Singapore Asks Crypto Firms Not to Market Services to Public
Jan 17, 2022
Singapore's financial regulator has directed cryptocurrency businesses not to advertise their services to the general public, in keeping with the city-state’s goal of reducing retail speculation in volatile digital assets.
The Monetary Authority of Singapore (MAS) warned Monday that service providers should only publicize their activity on their own websites, mobile applications, or official social media profiles. The regulation will apply to a diverse range of firms, including banks, payment service providers, and cryptocurrency exchanges.
"MAS has observed that some DPT service providers have been actively marketing their services through online and offline advertisements, as well as the provision of physical automated teller machines in public areas," the regulator said, referring to what it refers to as digital payment tokens, its preferred term for cryptocurrencies. This might feed speculation among traders who are unaware of the hazards, according to the MAS.
Singapore is attempting to strike a balance between the advantages of financial innovation and the hazards associated with ordinary traders trading volatile coins which change their price too quickly. Several billboards advertising digital asset exchanges in the city-state were removed last year.
Chia Hock Lai, co-chairman of the Singapore Blockchain Association, agreed that Bitcoin is not an appropriate asset class for the majority of ordinary investors.
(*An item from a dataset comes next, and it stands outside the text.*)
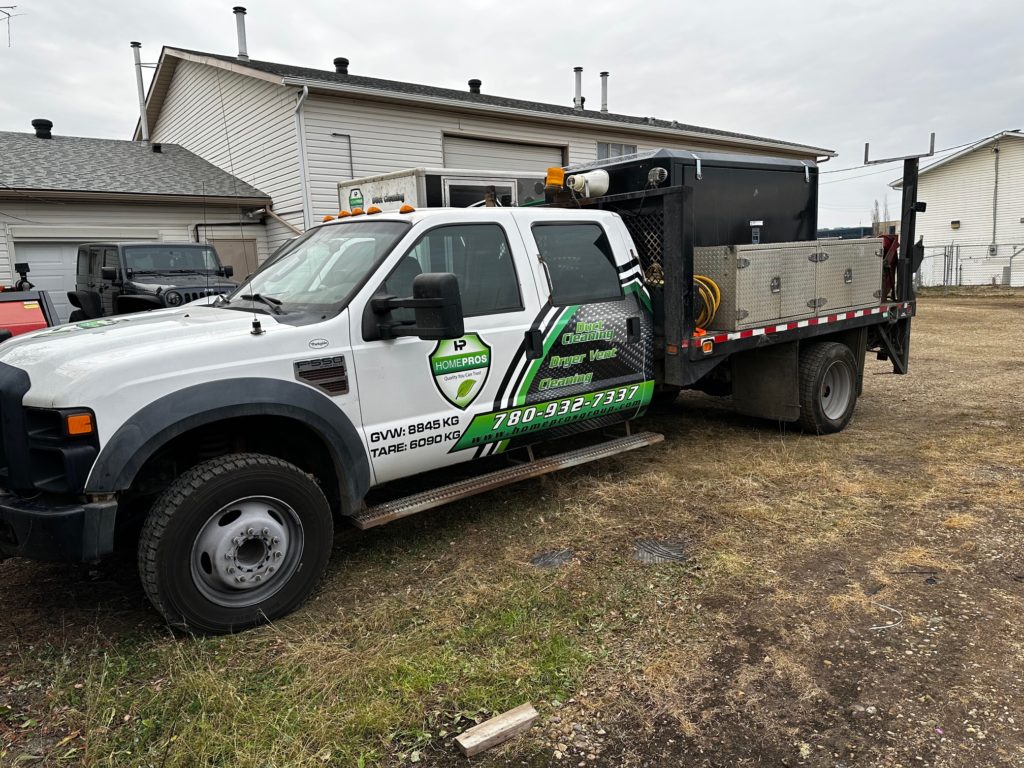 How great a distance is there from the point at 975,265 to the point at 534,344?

However, he noted that there are additional safeguards in place to prevent inexperienced individuals from financial loss.
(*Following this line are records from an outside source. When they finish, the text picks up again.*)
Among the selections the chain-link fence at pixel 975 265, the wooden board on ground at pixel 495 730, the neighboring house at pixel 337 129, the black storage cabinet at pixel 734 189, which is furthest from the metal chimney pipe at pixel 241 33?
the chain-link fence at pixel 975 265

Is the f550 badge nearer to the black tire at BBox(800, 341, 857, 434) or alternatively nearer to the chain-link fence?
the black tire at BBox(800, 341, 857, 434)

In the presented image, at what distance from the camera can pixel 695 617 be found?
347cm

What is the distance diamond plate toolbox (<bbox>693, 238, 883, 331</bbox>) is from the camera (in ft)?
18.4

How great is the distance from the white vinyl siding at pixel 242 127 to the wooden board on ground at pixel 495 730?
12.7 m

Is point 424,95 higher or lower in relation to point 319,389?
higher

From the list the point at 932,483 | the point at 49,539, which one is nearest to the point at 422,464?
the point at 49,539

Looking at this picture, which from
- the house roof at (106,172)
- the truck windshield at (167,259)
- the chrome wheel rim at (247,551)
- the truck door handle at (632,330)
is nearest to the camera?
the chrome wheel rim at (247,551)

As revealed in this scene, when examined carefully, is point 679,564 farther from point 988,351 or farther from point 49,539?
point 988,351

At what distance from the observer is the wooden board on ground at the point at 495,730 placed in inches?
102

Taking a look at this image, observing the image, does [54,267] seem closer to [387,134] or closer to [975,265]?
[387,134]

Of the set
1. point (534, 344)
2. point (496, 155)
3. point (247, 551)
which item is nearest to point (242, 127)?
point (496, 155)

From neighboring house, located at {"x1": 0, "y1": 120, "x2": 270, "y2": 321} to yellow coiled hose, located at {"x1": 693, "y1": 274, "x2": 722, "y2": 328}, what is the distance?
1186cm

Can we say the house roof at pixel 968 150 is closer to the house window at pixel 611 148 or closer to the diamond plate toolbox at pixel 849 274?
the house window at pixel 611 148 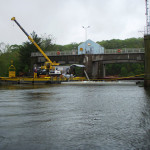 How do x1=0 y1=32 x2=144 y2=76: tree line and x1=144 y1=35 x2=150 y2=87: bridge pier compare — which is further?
x1=0 y1=32 x2=144 y2=76: tree line

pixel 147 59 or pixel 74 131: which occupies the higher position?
pixel 147 59

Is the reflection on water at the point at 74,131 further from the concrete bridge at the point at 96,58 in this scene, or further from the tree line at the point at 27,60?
the tree line at the point at 27,60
"One possibility is to designate cryptocurrencies as specified investment products,' similar to structured warrants or futures, which would require a retail investor to undergo an examination before investing in cryptocurrencies," he explained. "Some retail investors, particularly the younger generation, are quite knowledgeable about cryptocurrency."
Singapore's efforts to foster a fully regulated crypto business – following China's effective ban on the sector last year – have attracted young companies. There have been 180 applications for permission to establish a regulated cryptocurrency firm in the country.
Crypto.com, the digital-asset exchange that migrated to Singapore from Hong Kong last year, is among the organizations that have publicly promoted their services. In November, the business aired a billboard campaign along Singapore's Orchard Road retail district, proclaiming "Fortune favors the bold." This sign has now been removed. A spokesman for Crypto.com declined to comment.
"Fair and responsible advertising is a prudent strategy, and it is already required under the various asset classes governed by MAS," said Nizam Ismail, whose Ethikom Consultancy assists financial institutions with compliance. "With this in mind, it is needless to impose limits on the venue and location of advertising."